Shaping a Performance Assessment Tool for Gas stations

The most visible challenge that comes inherent in the operations of Gas station is the "balance between supply and demand" of the fuel

There is a great degree of uncertainty as to whether the reserves are enough to prove adequate for the vehicles that arrive for "re-fuelling" or not. However, the issue can not be over-looked as even if just few of the automobiles have to leave the filling point, "un-filled", it would exert considerable negative effect on the reputation of the gas station.

Also, the fuel is offered at the stations under a number of brands. Stocks for all of these should be enough to make the customer available the "desired product". This can be a major hurdle, considering the dynamicity of the external surroundings.

Another fact is the "fluctuation in the prices" of the fuel, which the owners have to deal with.

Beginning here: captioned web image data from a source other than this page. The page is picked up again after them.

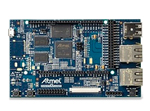 Atmel SAMA5D3 Xplained Evaluation Kit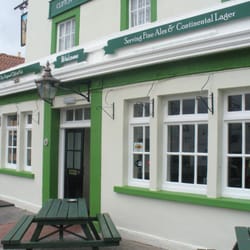 Coach & Horses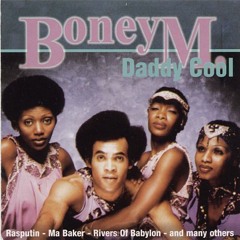 132 Boney M - Rasputin 7 Version (Tribal Remix) [ $ Rodrigo López $ ] DESCARGA LIBRE EN BUY O COMPRA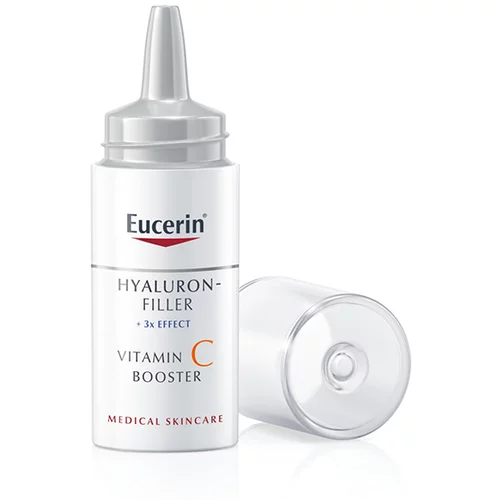 Eucerin Hyaluron-Filler Vitamin C, booster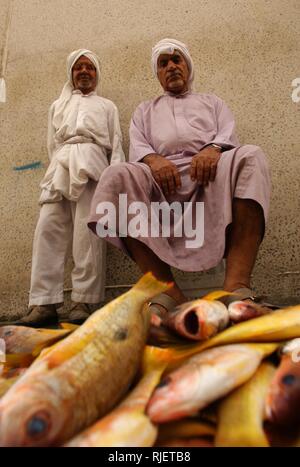 Bahrain is known for its pearls, inexpensive gold, and a large fish ...
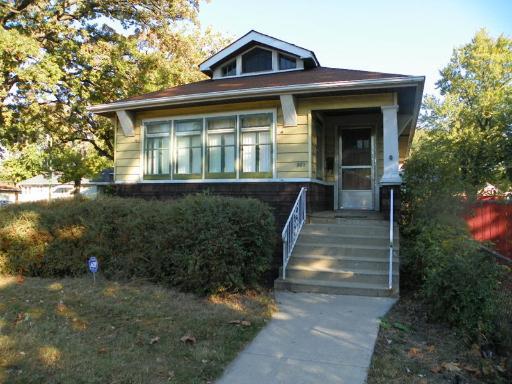 522 W 116th St., Chicago, IL 60628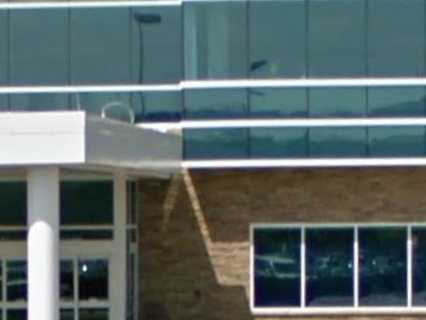 Alamance Regional Medical Center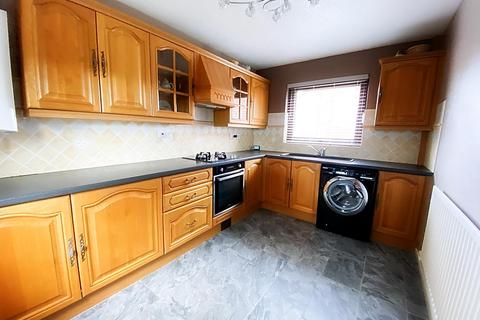 2 bedroom terraced house for sale, Sutton Court, Hadrian Lodge West, Wallsend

The variations in the cost should be absorbed to the maximum extent possible to avoid shedding of the "customer base".

Severe competition in the sector is yet another entrant that intensifies the "market share fight". Even minor changes in the rates can cause the "queue of customers" to shorten.

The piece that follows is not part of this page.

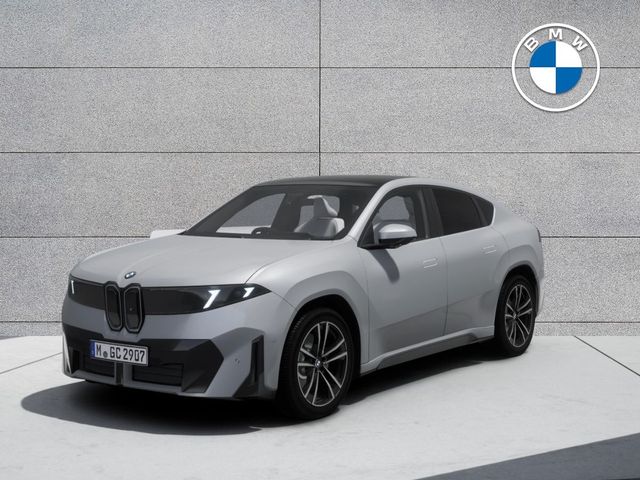 vehicle for sale from J Donohoe BMW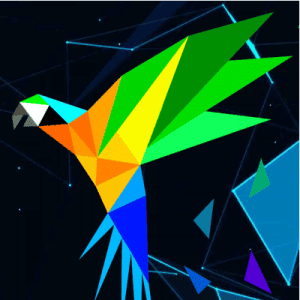 Parrot Security OS 4.9 + netinstall x64-x32 [������, �����, ������������] 1xDVD [amd64]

Further, the economic state of the nation is an important and considerable factor that affects both the rates of fuels and commuting patterns of vehicle-owners. Any major disturbance in the scenario gets transferred to the "volume of fuel" that goes off from a given re-filling station. On the other hand, as the prices start moving north, people go towards car-pooling and public transport to minimize the consumption. This in turn, exerts a synergistic effect in the form of drop in "fuel-flow" from the station.

The recent happenings in the global financial scenario make the events all the more evident and provide a solid ground to the fact that "owing and operating a gas station" demands considerable efforts on the part of owner.

Moreover, the entry and exit barriers in this industry are high to make both "surviving" and "thriving" a necessity.

To achieve these aims, the operations of the organization have to be flawless in every sense. This asks for implementation of a technique to support and assist the operations. One of the routes is to employ indicators that are attached with target values.

Internal operations can be measured using the KPIs like "number of vehicles it caters to", "time taken for re-filling on average", "number of pumps" and "average waiting time". Efficiency Perspective can be obtained by utilizing the indicators such as "refusal index", "fraction that is premium", "% dip in the number of customers lost owing to the more than average waiting time" and "% rise in the number of vehicles refilled, on per employee basis". Financial position can be had with parameters- "average daily business volume", "annual earnings", "positive deviation from nation"s average price" and "% increase in net profit". Growth can be obtained with "increase in number of cars that are re-filled", "% increase in consumption of fuel", "number of brands of fuel offered" and "increase in the number of services offered".

Embedding these metrics under useful and relevant categories can make a significant difference in "performance evaluation". This in turn, will magnify the results observed with the similar amounts of efforts put in.